Normaal gesproken kan de baarmoederhals bij het begin van de bevalling ongeveer 0-1 centimeter uitgezet zijn en 0-30% uitgewist. Naarmate de bevalling vordert, verdwijnt de baarmoederhals geleidelijk (verdunt en gaat open) totdat deze 100% uitsterft, en verwijdt (verwijdt) tot ongeveer 10 centimeter zodat het hoofdje van de baby er doorheen kan.
Hier is een algemene richtlijn voor uitwissen en uitzetten tijdens de bevalling, hoewel individuele ervaringen kunnen variëren:
Vroege bevalling:
- Uitwissing:0-50%
- Uitzetting:1-4 centimeter
Actieve arbeid:
- Uitwissing:50-80%
- Uitzetting:4-7 centimeter
Overgangsfase:
- Uitwissing:80-100%
- Uitzetting:7-10 centimeter
Het is de moeite waard te vermelden dat sommige vrouwen last kunnen hebben van snelle ontsluiting, ook wel steile bevalling genoemd, waarbij de baarmoederhals snel verwijdt van minimale ontsluiting naar volledige ontsluiting in korte tijd.
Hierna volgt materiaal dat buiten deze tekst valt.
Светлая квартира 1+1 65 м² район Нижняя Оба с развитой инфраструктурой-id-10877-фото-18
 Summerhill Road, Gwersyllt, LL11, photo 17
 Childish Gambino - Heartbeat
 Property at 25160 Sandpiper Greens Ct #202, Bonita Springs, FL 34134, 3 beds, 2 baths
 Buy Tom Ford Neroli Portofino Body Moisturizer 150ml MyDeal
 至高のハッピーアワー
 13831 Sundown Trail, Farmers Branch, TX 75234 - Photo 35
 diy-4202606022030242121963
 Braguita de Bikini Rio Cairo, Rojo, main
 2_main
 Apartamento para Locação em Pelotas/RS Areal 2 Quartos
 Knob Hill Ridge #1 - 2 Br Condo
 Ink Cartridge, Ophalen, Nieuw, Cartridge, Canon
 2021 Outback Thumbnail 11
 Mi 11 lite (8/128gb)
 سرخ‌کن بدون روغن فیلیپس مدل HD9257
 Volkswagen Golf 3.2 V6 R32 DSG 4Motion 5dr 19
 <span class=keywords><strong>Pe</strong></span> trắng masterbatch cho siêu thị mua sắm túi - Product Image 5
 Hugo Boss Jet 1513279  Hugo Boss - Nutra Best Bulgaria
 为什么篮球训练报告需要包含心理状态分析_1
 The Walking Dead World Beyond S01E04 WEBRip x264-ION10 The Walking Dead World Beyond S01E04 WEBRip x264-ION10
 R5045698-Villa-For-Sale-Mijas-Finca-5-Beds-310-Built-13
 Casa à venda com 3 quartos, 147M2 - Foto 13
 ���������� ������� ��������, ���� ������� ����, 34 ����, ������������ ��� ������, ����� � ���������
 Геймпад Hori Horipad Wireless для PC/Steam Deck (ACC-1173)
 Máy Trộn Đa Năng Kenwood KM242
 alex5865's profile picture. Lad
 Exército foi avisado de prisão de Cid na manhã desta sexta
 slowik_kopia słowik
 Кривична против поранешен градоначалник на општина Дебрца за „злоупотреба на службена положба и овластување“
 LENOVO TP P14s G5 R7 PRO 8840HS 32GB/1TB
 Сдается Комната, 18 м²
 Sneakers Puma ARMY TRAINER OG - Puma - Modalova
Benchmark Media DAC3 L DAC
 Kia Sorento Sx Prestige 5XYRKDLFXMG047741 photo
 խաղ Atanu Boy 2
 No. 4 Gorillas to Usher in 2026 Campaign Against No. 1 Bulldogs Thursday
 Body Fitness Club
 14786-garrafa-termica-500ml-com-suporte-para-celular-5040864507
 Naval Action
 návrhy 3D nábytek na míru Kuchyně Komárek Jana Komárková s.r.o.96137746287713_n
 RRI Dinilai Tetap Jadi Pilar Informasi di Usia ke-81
Aan de andere kant kunnen sommige vrouwen langzaam vooruitgang boeken of een langdurige bevalling ervaren, waarbij het uitzettings- en uitwissingsproces langer duurt.
Beroepsbeoefenaren in de gezondheidszorg houden de veranderingen in de baarmoederhals tijdens de bevalling in de gaten om de voortgang te beoordelen en passende beslissingen te nemen voor de veiligheid van moeder en baby.